*** PROVIDED RECORDS Section Begins ***
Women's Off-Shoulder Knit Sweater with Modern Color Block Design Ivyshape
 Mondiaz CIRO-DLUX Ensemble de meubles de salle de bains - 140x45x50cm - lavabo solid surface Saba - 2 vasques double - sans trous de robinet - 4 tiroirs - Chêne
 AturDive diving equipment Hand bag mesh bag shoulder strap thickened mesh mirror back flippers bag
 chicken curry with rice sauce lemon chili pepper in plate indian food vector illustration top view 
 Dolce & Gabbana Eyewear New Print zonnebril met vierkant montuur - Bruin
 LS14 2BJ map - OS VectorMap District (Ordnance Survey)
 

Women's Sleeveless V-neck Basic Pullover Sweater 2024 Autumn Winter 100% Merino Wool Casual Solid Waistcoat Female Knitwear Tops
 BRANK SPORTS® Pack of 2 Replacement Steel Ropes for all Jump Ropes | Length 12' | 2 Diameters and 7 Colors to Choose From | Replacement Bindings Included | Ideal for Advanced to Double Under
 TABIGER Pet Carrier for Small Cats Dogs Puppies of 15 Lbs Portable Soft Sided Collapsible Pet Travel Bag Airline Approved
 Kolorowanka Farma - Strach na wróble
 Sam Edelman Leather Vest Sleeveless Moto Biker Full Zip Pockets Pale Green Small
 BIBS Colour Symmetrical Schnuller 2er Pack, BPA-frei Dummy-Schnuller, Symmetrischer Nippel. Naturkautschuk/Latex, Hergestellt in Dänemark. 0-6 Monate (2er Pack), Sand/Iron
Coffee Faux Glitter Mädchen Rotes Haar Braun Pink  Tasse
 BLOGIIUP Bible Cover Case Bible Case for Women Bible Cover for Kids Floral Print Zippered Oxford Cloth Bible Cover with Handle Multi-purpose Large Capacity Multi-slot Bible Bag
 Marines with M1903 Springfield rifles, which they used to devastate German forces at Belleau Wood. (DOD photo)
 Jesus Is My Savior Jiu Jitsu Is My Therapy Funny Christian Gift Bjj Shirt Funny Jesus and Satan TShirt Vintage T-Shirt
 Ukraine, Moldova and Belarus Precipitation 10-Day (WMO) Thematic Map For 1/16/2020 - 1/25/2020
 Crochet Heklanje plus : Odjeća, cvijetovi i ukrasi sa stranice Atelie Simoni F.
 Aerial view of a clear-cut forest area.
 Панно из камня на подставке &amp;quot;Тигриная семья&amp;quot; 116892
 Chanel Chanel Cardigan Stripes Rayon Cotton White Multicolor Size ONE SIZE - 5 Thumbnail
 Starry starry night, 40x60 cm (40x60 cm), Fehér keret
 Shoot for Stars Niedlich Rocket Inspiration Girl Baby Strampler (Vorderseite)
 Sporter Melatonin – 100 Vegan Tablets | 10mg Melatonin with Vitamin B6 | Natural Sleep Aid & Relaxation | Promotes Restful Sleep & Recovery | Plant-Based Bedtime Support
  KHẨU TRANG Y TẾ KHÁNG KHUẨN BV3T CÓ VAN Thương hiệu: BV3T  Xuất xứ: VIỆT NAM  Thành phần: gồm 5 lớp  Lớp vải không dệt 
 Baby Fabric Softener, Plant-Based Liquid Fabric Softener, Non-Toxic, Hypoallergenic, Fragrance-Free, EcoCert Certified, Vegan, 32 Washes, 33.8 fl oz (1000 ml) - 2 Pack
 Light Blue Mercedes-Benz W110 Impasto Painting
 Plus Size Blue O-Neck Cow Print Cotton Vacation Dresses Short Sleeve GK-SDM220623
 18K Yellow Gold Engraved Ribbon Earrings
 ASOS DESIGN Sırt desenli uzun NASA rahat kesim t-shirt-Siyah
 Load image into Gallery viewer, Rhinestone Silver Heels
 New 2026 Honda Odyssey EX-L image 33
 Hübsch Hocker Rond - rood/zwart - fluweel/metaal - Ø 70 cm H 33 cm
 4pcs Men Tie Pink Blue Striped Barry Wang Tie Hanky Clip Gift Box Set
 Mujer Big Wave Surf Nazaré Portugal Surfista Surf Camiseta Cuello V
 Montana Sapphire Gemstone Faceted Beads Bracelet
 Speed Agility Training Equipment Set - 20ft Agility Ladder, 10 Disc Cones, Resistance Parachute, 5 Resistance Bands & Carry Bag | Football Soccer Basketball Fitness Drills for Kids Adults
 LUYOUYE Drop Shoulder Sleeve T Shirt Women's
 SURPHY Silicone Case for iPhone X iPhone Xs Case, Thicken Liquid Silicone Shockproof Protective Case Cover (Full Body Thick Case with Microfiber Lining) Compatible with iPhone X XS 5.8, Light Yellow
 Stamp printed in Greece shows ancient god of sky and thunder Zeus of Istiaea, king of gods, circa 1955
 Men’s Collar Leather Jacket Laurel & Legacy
*** PROVIDED RECORDS Section Ends ***
(TASK DESCRIPTION) Please report every line among the entries that includes "Small".

(FINAL ANSWER)
 TABIGER Pet Carrier for Small Cats Dogs Puppies of 15 Lbs Portable Soft Sided Collapsible Pet Travel Bag Airline Approved
 Sam Edelman Leather Vest Sleeveless Moto Biker Full Zip Pockets Pale Green Small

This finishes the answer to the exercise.